Tv shots
Texte by Quentin Bajac
Chef du Cabinet de la Photographie du Musée National d'Art Moderne, Centre Pompidou
For several months in 1972, in London where he was living at the time, Harry Gruyaert decided to take colour photos of his untuned TV screen. A seemingly unimportant gesture, yet one highly significant in terms of its double heritage: referring on the one hand to the artistic and playful heritage of the Americain Pop Art of the preceding decade, from Nam June Paik to Andy Warhol and their double fascination for the object and the televised image. And on the other, the photography of the same period which, from Lee Friedlander to Robert Frank, considered the television as the ultimate symbol of consumer society and a certain alienation of the modern world.
However, by introducing strident colours and focusing exclusively on the television screen, Harry Gruyaert proposed a new and singular interpretation. Through his lens, the television became a hallucinatory, even hypnotic, machine, like a new Gorgon freezing the modern spectator - a sensation reinforced by the sound and projection of the new installation at the Passage du Désir.
Harry Gruyaert's gesture also suggests a questioning of the vocabulary and habits of photojournalism. By freezing instants of the ceaseless flow of images on the screen, he offers an off-beat version: that of a bedroom journalist, somewhat disconnected, who testifies - half fascinated, half horrified - of the great disorder of the world and its representations.
Sound: Louis Dandrel
Design: Olivier Koechlin
Exhibition produced as part of the Paris Photo Month official programme, 2008.

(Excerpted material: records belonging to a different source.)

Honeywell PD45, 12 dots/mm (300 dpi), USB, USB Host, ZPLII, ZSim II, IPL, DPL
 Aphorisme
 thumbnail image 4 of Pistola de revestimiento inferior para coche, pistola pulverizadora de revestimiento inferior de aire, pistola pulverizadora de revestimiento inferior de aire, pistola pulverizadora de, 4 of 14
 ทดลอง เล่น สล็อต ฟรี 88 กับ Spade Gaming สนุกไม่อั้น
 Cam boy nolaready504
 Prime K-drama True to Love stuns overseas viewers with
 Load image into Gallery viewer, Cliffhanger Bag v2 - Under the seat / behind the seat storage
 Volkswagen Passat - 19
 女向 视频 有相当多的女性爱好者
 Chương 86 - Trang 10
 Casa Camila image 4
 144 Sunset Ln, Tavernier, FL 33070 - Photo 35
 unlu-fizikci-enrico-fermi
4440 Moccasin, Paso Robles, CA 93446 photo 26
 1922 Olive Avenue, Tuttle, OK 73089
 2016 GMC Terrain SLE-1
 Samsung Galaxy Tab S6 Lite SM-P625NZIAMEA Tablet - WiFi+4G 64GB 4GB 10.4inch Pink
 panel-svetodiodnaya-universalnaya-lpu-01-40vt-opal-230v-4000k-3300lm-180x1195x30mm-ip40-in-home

" I was living in London at the beginning of the 70s. There was a busted TV set in my flat: by fiddling with the antenna and the settings, it was possible to obtain fascinating colours.
Lets not forget that at the time, video recorders didn't exist yet, let alone a 'pause' button, or 'rewind'. I was thus 'live' in front of the news, camera in hand, getting up close to the screen to frame the images differently. Ultimately, my situation was similar to that of a street photographer for whom, in my opinion, obtaining a good picture is about mastering chance, a kind of little miracle."